Requirement: The data that follows is to be copied exactly, with each image removed.

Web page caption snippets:
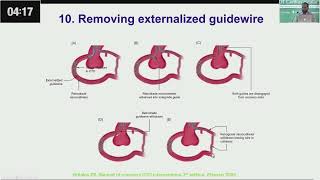 Retrograde CTO PCI Tips amp Tricks Wire Externalization by Dr Aftab khan [upl. by Girand612]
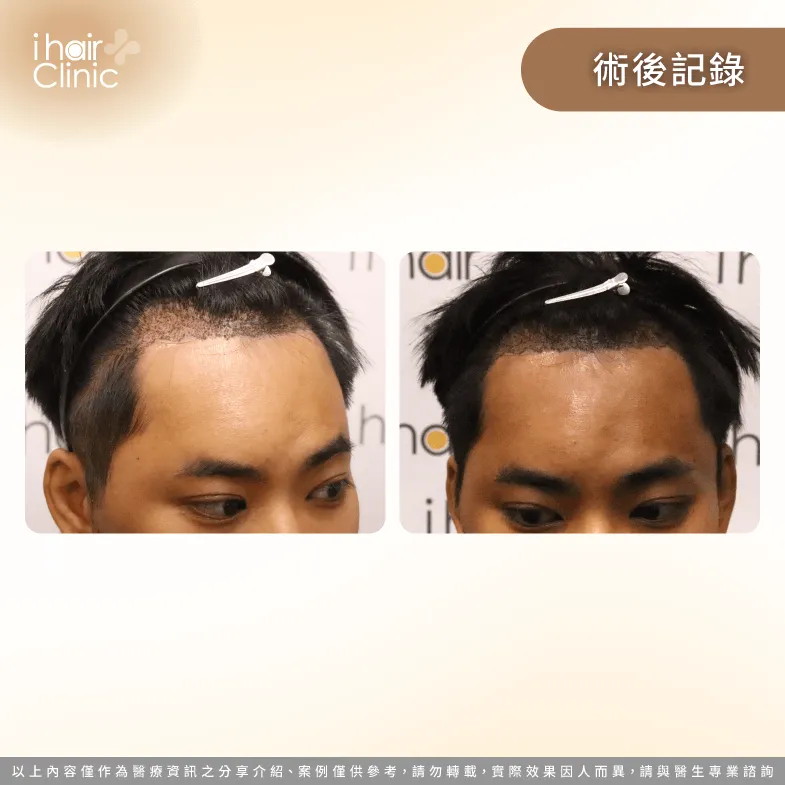 植髮手術完成當天紀錄,種植2300根毛囊,成功植入髮際線 手術剛完成-M型禿植髮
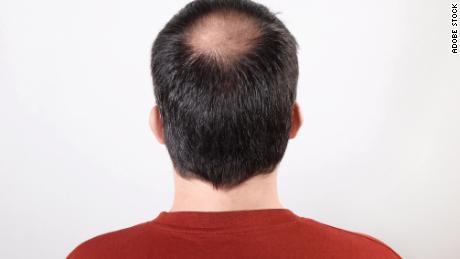 Male pattern baldness is one of the most common types of hair loss.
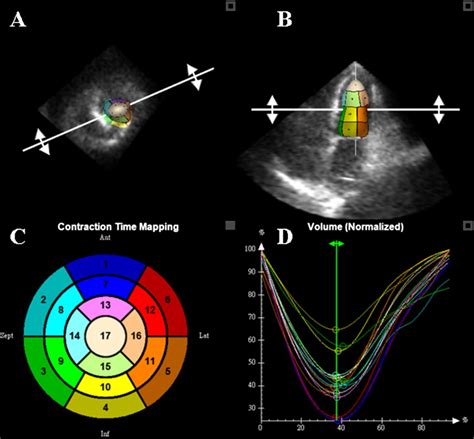 Normal Reference Ranges For Transthoracic Echocardiography Following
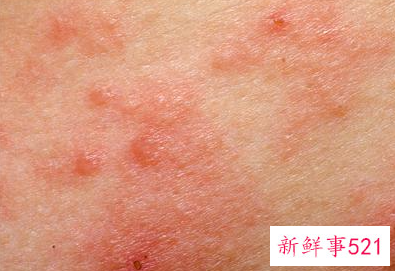 秋天对皮肤的注意什么问题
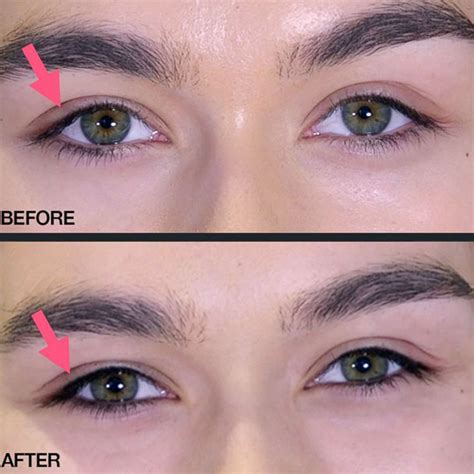 Eyeliner Permanent Makeup Before And After | Saubhaya Makeup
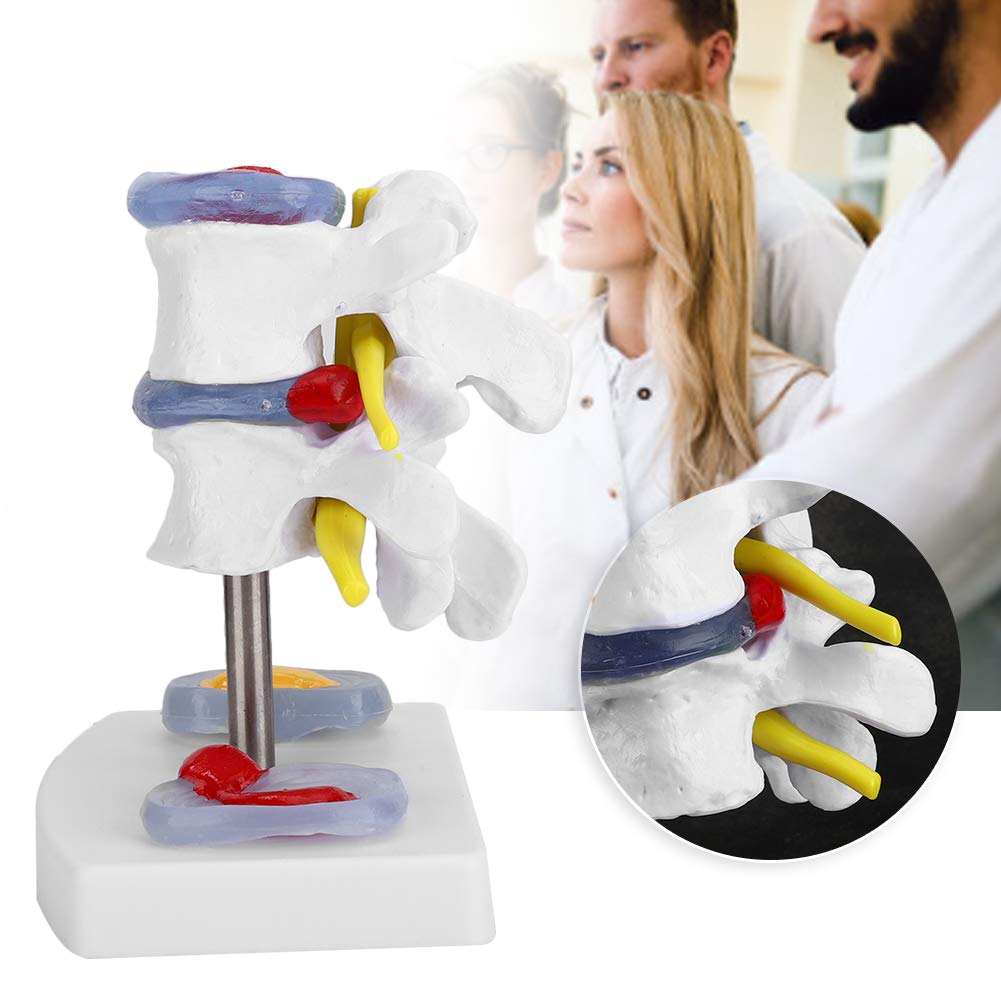 Menschliches Lendenwirbelmodell, menschliches anatomisches Skelettmodell Lendenwirbelmodell mit abnehmbarer Basis Einfach zu installieren Helfen Sie Menschen, den Zustand der Wirbelsäule zu überwachen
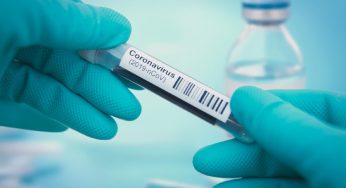 Anvisa aprova testes rápidos para covid-19 em farmácias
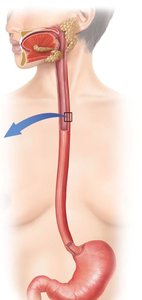 Diagram showing the esophagus and its connection to the stomach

Exercise solution:
 Retrograde CTO PCI Tips amp Tricks Wire Externalization by Dr Aftab khan [upl. by Girand612]
 植髮手術完成當天紀錄,種植2300根毛囊,成功植入髮際線 手術剛完成-M型禿植髮
 Male pattern baldness is one of the most common types of hair loss.
 Normal Reference Ranges For Transthoracic Echocardiography Following
 秋天对皮肤的注意什么问题
 Eyeliner Permanent Makeup Before And After | Saubhaya Makeup
 Menschliches Lendenwirbelmodell, menschliches anatomisches Skelettmodell Lendenwirbelmodell mit abnehmbarer Basis Einfach zu installieren Helfen Sie Menschen, den Zustand der Wirbelsäule zu überwachen
 Anvisa aprova testes rápidos para covid-19 em farmácias
 Diagram showing the esophagus and its connection to the stomach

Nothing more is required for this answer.